Most museums display less than 10% of the artwork in their collection at any given time. The works in storage often include a mix of museum-worthy pieces that can be pulled out for special exhibitions, and others that aren't fit for public viewing because they are fragile, damaged or simply no longer considered examples of great art. The Met has 34 Picasso paintings, but usually shows only 25 to 28 of them at a time. The artist's drawings and prints are generally not on view at the museum, because they are more fragile, but they will be included in the spring exhibit.
She also uses an exhibition at the Walker Art Center in Minneapolis as a positive example of a creative permanent collection show:
Though not every museum has a closetful of Picassos to draw from, institutions across the country have come up with creative ways to put together shows from their own storerooms. At the Walker Art Center in Minneapolis, museum-goers can take another look at the museum's permanent collection—using binoculars. The "Benches & Binoculars" exhibit features a salon-style gallery, hung floor to ceiling with works from of the museum's collection, like "Office at Night" by Edward Hopper. Visitors are encouraged to view the works through binoculars. Chief curator Darsie Alexander says the exhibition was meant to be "experimental, maybe even light-hearted," and to her surprise, has become one of the most popular galleries in the museum, requiring additional security guards because of the crowds.

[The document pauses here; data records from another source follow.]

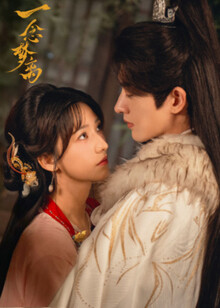 一念夢(mèng)離(全集)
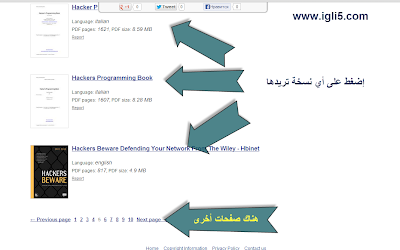 موقع يضم أكثر من 255 مليون كتاب إلكتروني لأي مجال وتخصص تريده للتحميل مجانا 2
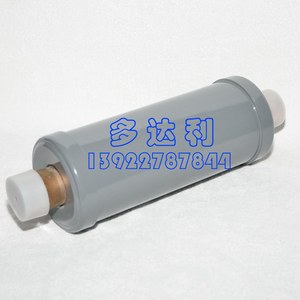 Pièces de climatiseur Carrier 06EA500712 Compresseur à piston Silencieux Accessoire de refroidissement central - Product Image 1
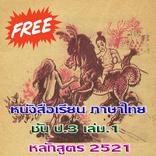 ป.3 เล่ม.1 มานี มานะ ปิติ ชูใจ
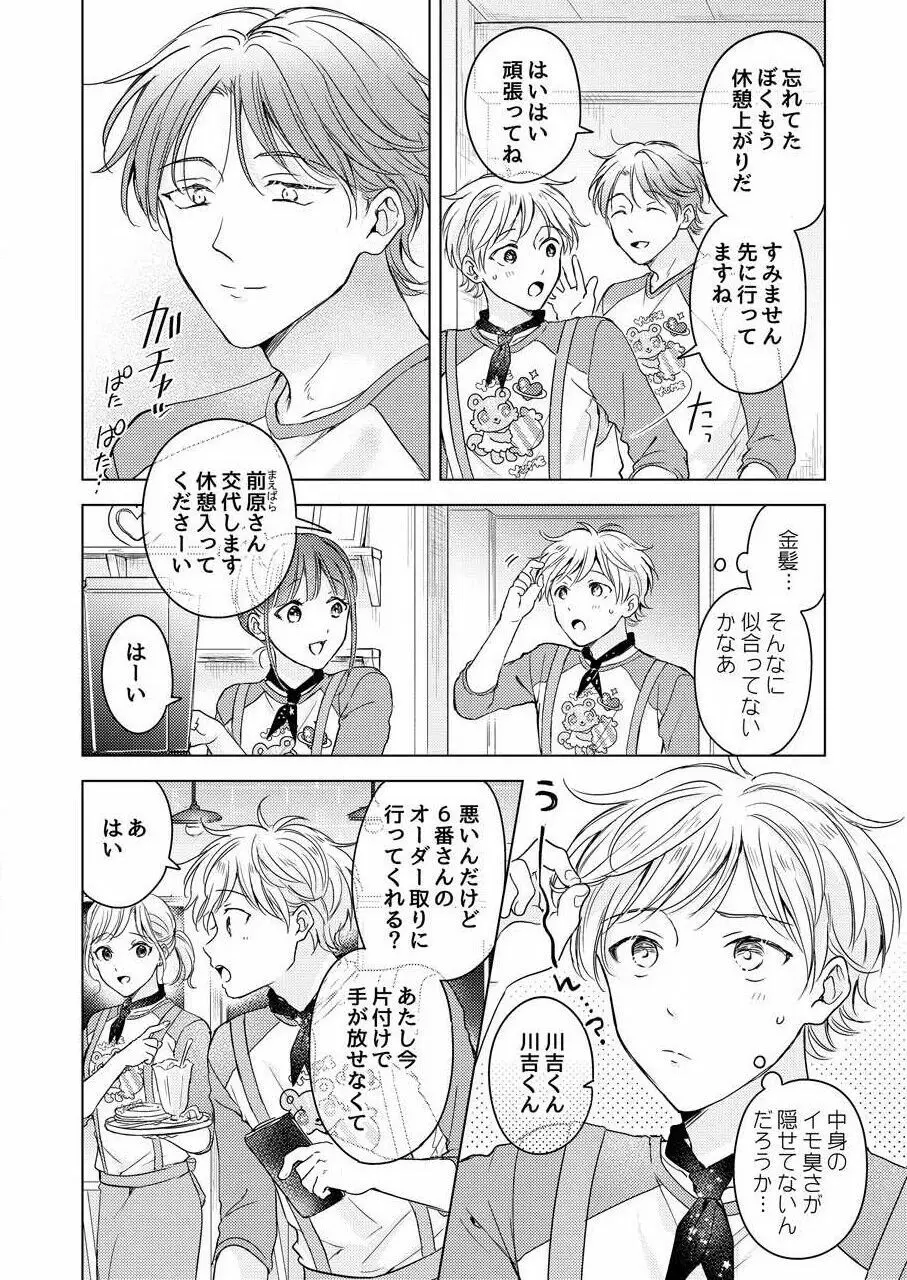 史郎くんのいちばんめ。（1） Page.46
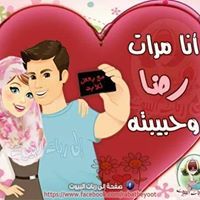 Shereen Elfateh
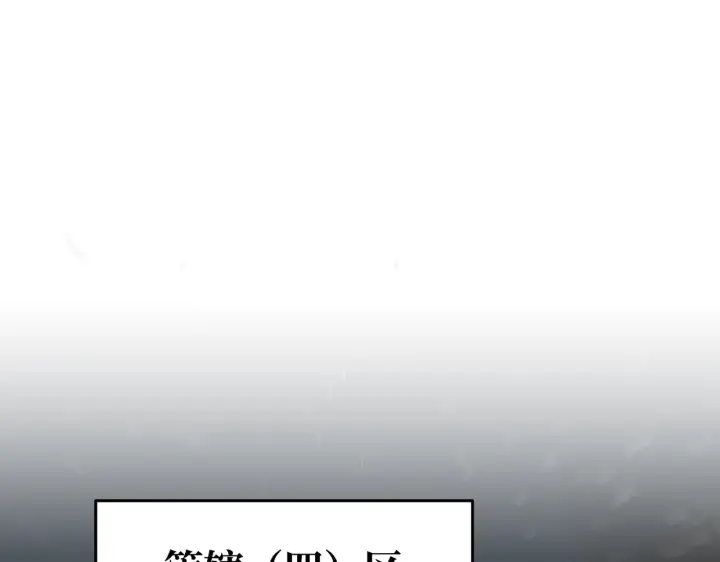 《恶之环》79图92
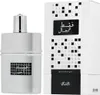 Faqat Lil Rijal eau de parfum spray 50ml Anteprima dell’immagine prodotto 7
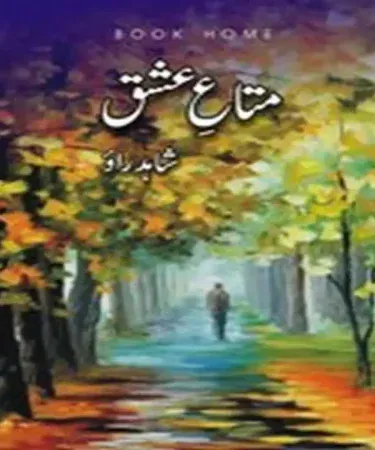 Mataya e Ishq Urdu novel by Shahid Rao, best seller book cover in Pakistan, available on Khareedo.pk with Check on Delivery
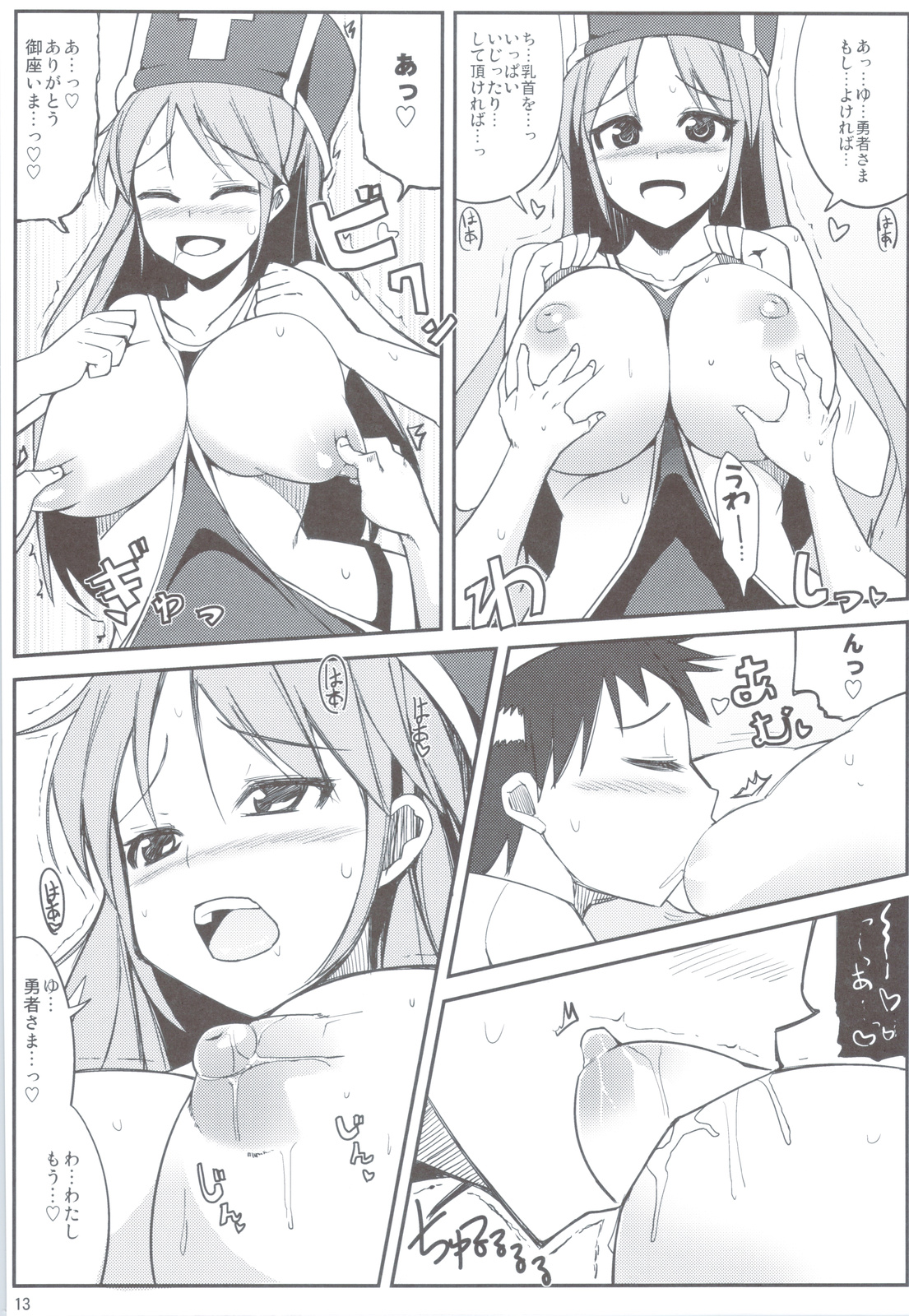 (C83) [一本杭] 僧侶さんとHばっかりしてるのでレベルが全然上がりません。 (ドラゴンクエストIII)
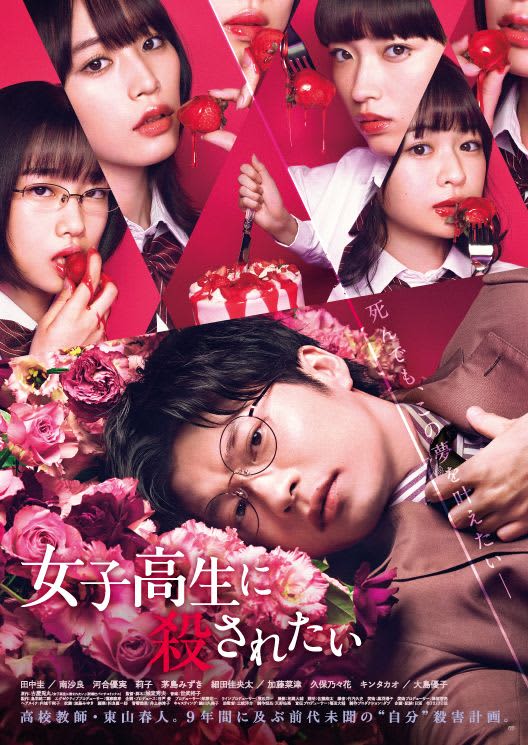  Kei Tanaka I Want To Be Killed By A High School Girl 5 27 
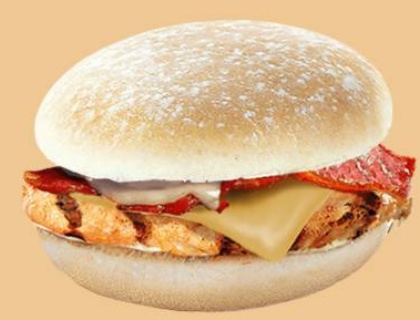 🍔 Pepper Chicken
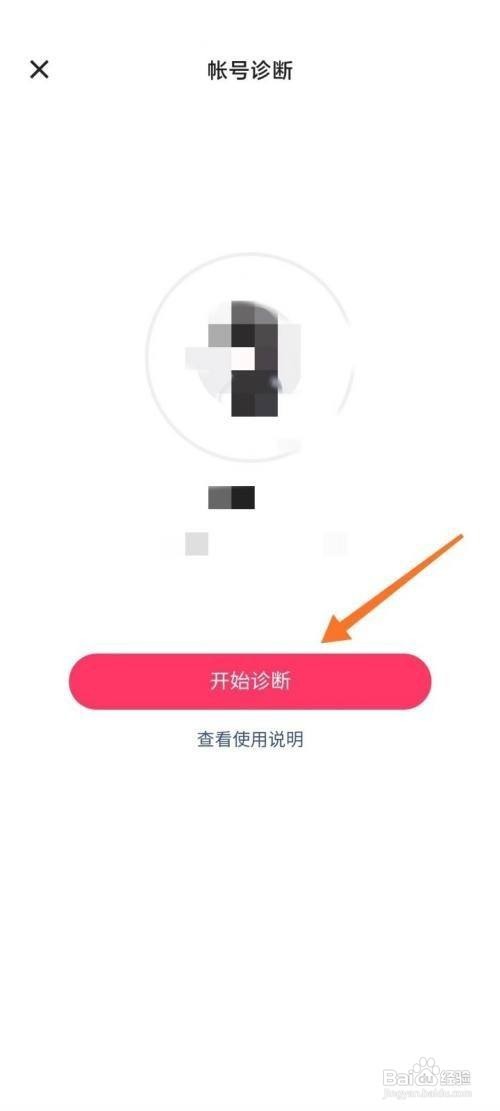 快手怎么检测账号?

The quote from Gordon actually follows this paragraph immediately, which makes it even more (potentially) insulting. Not all exhibitions aim to be comprehensive, and it's doubtful that even the Met's will be. Part of the appeal of permanent collection shows comes from seeing how a collection is built, not from rehashing the same old masterpieces once again, and these shows can be interestingly focused in a way larger exhibitions rarely are.